'''

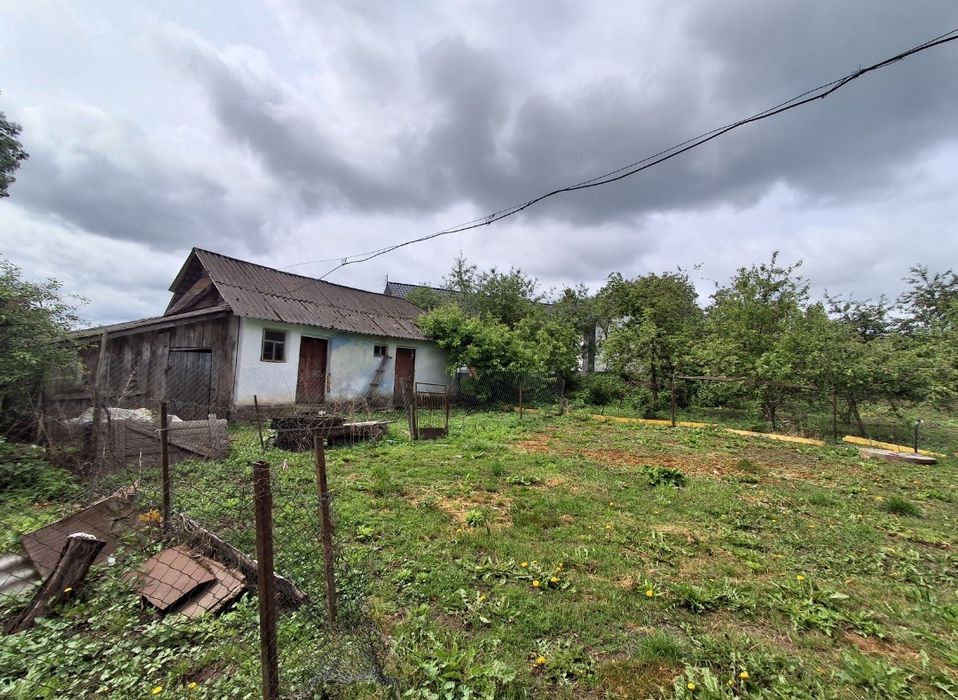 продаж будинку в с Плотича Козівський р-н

'''
'''

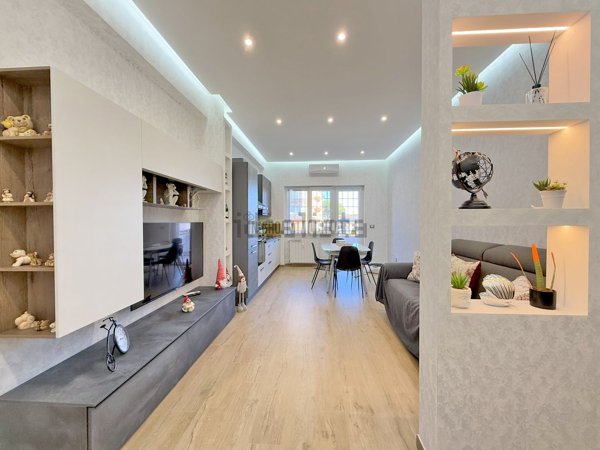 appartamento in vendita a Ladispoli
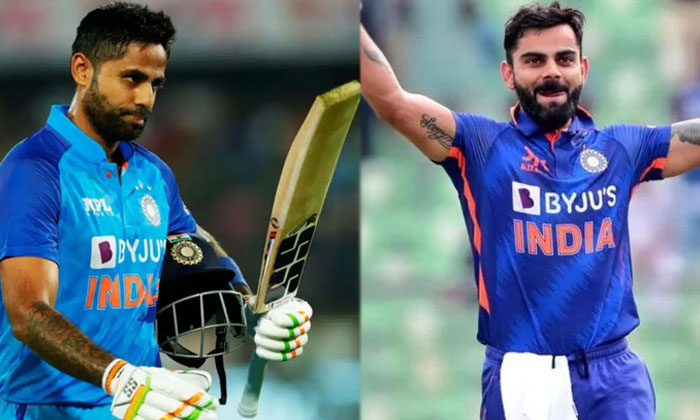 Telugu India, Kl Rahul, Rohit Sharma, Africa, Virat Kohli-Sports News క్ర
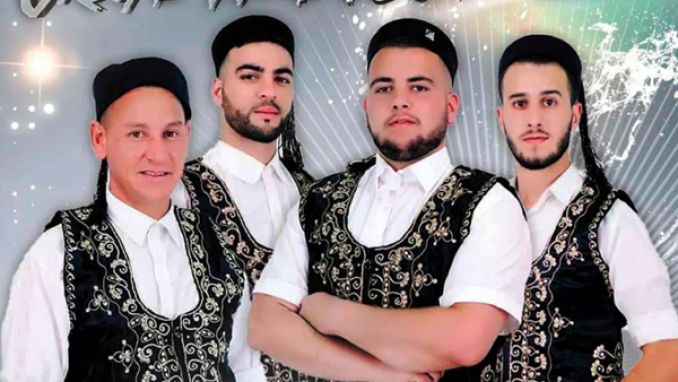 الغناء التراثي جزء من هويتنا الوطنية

'''
'''

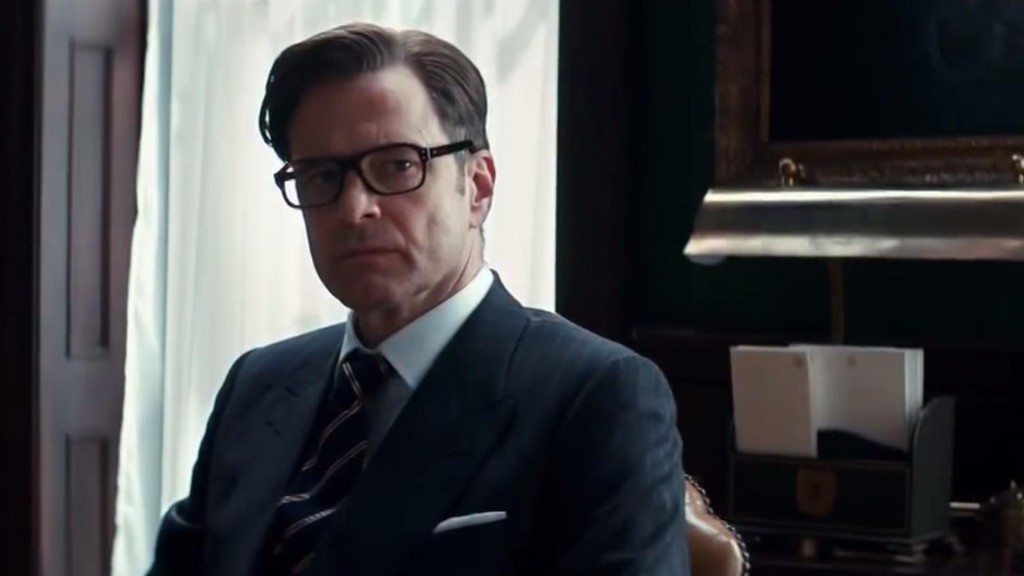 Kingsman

'''

-- WORK REQUIRED --
Starting at the line above with "appartamento in vendita a Ladispoli", output every line exactly up to and including the line with "الغناء التراثي جزء من هويتنا الوطنية", but none of the pictures.

-- ANSWER TO THIS EXERCISE --
 appartamento in vendita a Ladispoli
 Telugu India, Kl Rahul, Rohit Sharma, Africa, Virat Kohli-Sports News క్ర
 الغناء التراثي جزء من هويتنا الوطنية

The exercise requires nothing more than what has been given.